Unser Praxis­test im Februar­heft war ernüchternd: In den Filialen der Bausparkassen wurden unsere Tester oft miserabel beraten. Viele Angebote gingen am Bedarf vorbei oder waren unnötig teuer (Test Bausparkassen im Praxistest: Nur drei sind gut, Finanztest 2/2015). Warum also in eine Filiale gehen, wenn gute Beratung dort Selten­heits­wert hat? Wir haben nun versucht, von den Online­rechnern der Bausparkassen Angebote für den gleichen Testfall zu bekommen, den wir im Test der Filialen zugrunde gelegt hatten.

In zehn Jahren eine Immobilie finanzieren

Die einfache Aufgabe: Der Kunde kann 400 Euro im Monat sparen und will in zehn Jahren eine Immobilie finanzieren. Gesucht sind eine dafür geeignete Tarif­variante und die passende Bausparsumme. Und natürlich soll die Finanzierung der eigenen Wände möglichst günstig werden.

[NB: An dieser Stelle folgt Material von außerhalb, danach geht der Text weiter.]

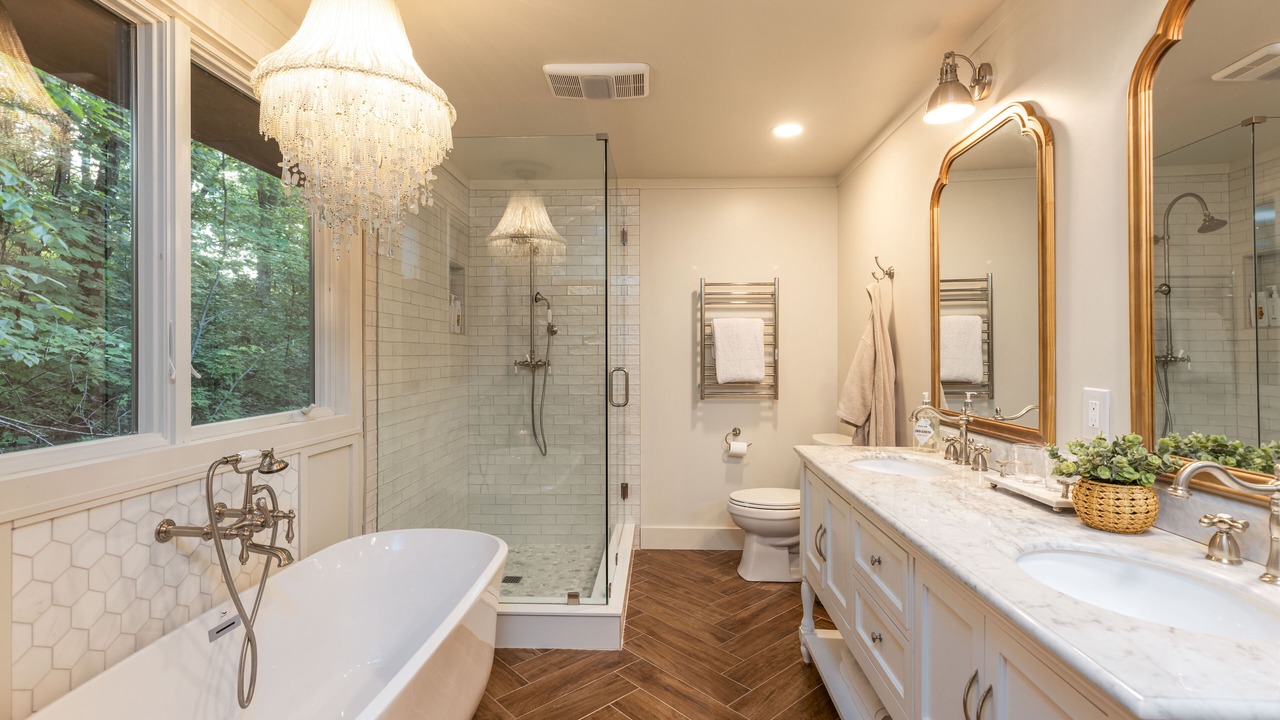 Photo of Bathroom in Sugar Grove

Gute Angebote in einfachen Fällen

Das verblüffende Test­ergebnis: Bei 10 von 17 Bausparkassen war die Qualität der Angebote im Internet besser als in der Mehr­zahl der Filialen. Online­vorschläge der Deutschen Bank, der Bausparkasse Mainz und BHW schlugen jeweils sogar das beste der sieben Angebote, die unsere Test­kunden in den Filialen der drei Bausparkassen erhalten hatten. Zumindest in einfachen Fällen liefern die meisten Online­rechner ordentliche Ergeb­nisse. Fast die Hälfte der Spar­vorschläge im Test waren gut oder sehr gut, keiner war mangelhaft Testergebnisse Onlinerechner Bausparkassen 7/2015. Bausparer erhalten im Internet meist auch eine gute Über­sicht über alle wichtigen Konditionen und einen Spar- und Tilgungs­plan. In unserem Beratungs­test in den Filialen mussten sich die Tester dagegen häufig mit Schmierzetteln oder unvoll­ständigen Ausdrucken begnügen.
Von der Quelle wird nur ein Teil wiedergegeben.